Question

All the sites I go to look for informations on FAT16 just declaratively state that it can not allocate more than 2 GB. OK. Great. I believe you. But how do you come to that conclusion (other than just testing it)?

Is there some sort of formula one can use to determine how much a FAT16 system can hold?

Was it helpful?

Solution

FAT16 uses 16 bits to identify clusters. Thus there are a maximum of 65536 clusters before you run out of identifiers, and some identifiers are reserved for non-file uses. Each file occupies at least one cluster. Larger clusters increases the minimum allocation per file, increasing the overhead of small files.

The cluster size then tells you the maximum identifiable volume.

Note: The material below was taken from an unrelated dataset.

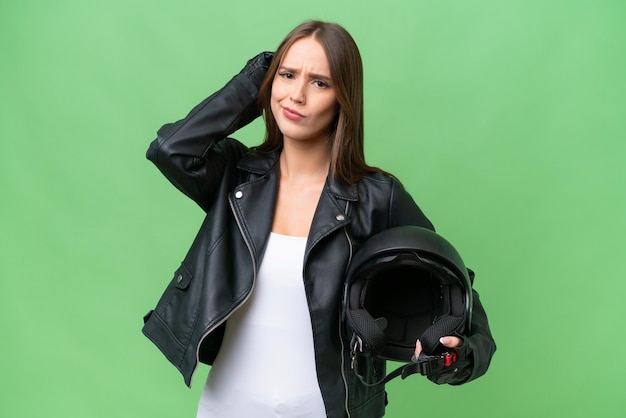 Joven mujer bastante caucásica con un casco de motocicleta sobre un fondo aislado que tiene dudas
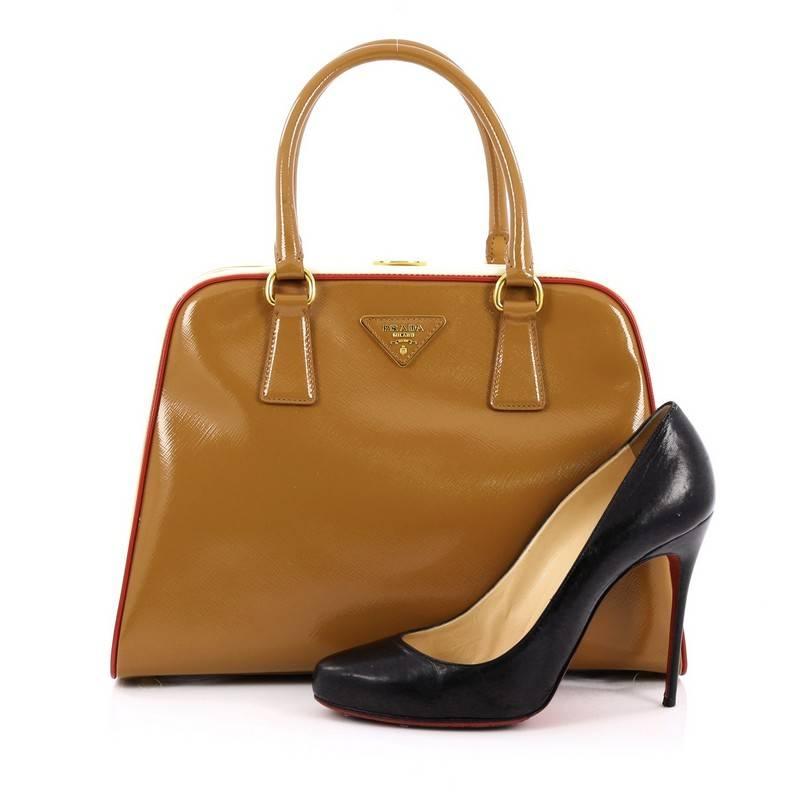 This authentic Prada Pyramid Top Handle Bag Vernice Saffiano Leather Medium mixes a classic and edgy design made for the modern woman. Constructed in brown and white glossy vernice saffiano leather, this stylish bag features dual-rolled leather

For 32KiB clusters, that is 32 * 1024 * 65536 B = 2GiB.

You could increase the cluster size indefinitely, by increasing the size of your on-disk sectors, but you remain limited to the maximum number of files. You would also run into issues with software that assumed the default sector size (512B)

At the point where there were physical volumes of ~2GiB readily available, processors and OSs were 32bit, so moving to FAT32 was a sensible choice, allowing vastly more files in small clusters

OTHER TIPS

There were actually several variants of "FAT16" over the years with different limits but lets consider the version that persisted from "compaq DOS 3.31" through to windows 95.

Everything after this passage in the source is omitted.